建築って、アーキテクチャを訳した新語だから、明治以降だと思います。歴史がないの」萌絵は言う。「絶対、土木の方が素敵……」
□(102)

 「建築」も新しい訳語なのか。

 マルクス主義の思考枠組みを形成するものに、下部構造と上部構造とがある。すでにご案内のように、下部構造つまり経済が、上部構造すなわち政治を規定する、というあれである。先日、中国人留学生と話をしていたら、中国では下部構造を「経済基礎」、上部構造を「上層建築」と言うことがわかった。「建築」だけだと日本語的な意味合いを持つらしいのだが、それに「上層」がくっつくと、「経済基礎」によって規定される政治などの上部構造を意味することになるらしい。マルクス主義にかかわる中国語は日本(語)を経由して作られた側面が強い、とその留学生は言っていた。
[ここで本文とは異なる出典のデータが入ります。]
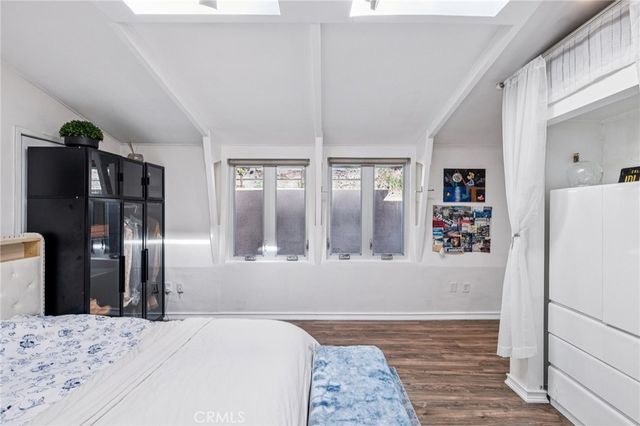 2041 N Beverly Glen Boulevard, Los Angeles, CA 90077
 外に出る。突き刺さるように、雨が真横から二人を襲った。
 足をすくわれるような風圧が大きな振幅で息をしている。地球のジュースでも作ろうというのか、大気はミキサで攪拌されているようだ。少しでもジャンプすれば、もとの位置には戻れない。雨は吹き上げ、空気は飽和し、狂気で沸騰している。

□(341)

 これは純粋に表現としておもしろいと思った。


「それじゃあ、僕なりに解釈していることを話しましょう。もっとも、問題を解くことに比べて、解答の意味するところを思慮することは格段に困難です。それに、こういった人間の感情を言葉で表現すること自体、円周率の小数点以下を四捨五入するみたいで、気持ちの良いものではありません。ここからさきは本当に、憶測というよりも、僕なりの消化のしかただと思って下さい。〔略〕」
□(386-7)

 解答を出すことと、その解答の意味を考えることとは別のこと。

 科学と、哲学と。


「でも、学問というのは本来虚しいものですよ」
 そう、本来、外部から傷つけられるようなものではないのだ。
〔略〕
学問の虚しさを知ることが、学問の第一歩です。テストで満点をとったとき、初めてわかる虚しさです。それが学問の始まりなんですよ」

□(397)

 学問の虚しさ、か。


「犀川先生なら、どう答えられますか?」国枝桃子が無表情で尋ねた。「学生が、数学は何の役に立つのか、ときいてきたら」
何故、役に立たなくちゃあいけないのかって、きき返す」犀川はすぐに答えた。「だいたい、役に立たないものの方が楽しいじゃないか。音楽だって、芸術だって、何の役にも立たない。最も役に立たないということが、数学が一番人間的で純粋な学問である証拠です。人間だけが役に立たないことを考えるんですからね」
「何故、役に立たなくてはいけないか、ですか……。うん、それはいい」と高校教師が呟く。
「そもそも、僕たちは何かの役に立っていますか?」犀川はおどけて言った。

□(399)

 役に立つか立たないかという価値規準は、本来あくまでひとつの価値規準であるわけだが、それが唯一絶対の価値規準となって社会を覆っている。個人的には、これには反対だ。だが同時に、日常を回していくためには、役に立つことがどうしても必要になる。役立たずばかりでは日常は破綻する。とすると、音楽や芸術(このふたつの並置はカテゴリ・ミステイクだと思うが)は日常ではない、ということになり、だからこそ芸術を日常に入れこもうとした運動があったりもしたわけか。そしてそれは、役に立つことばかりが求められる社会に対する抵抗でもあったわけか。


「内緒と沈黙は、どこが違う?」
 犀川は独り言を呟く。
「内緒は、人間にしかできない」

□(403-4)


 わたしが引用を行なうのは、読後感想を自分のことばで書くことがあまり得意ではないという、きわめて消極的な理由からだ。感想をことばにするためにかかる時間は、引用する時間よりもたぶん長くなる。引用への積極的な理由付けとしては、後から振り返って自分はこういうことばに引っかかっていたのだということがわかって、そのときの自分がどういう自分であったかに思いを致し、そのときの自分と今の自分との違いを考え、それが自分を知ることにもなるであろうから、というものだが、これは後付け感がとても強い。(これは研究者友人へのひとつの応答にもなろう。)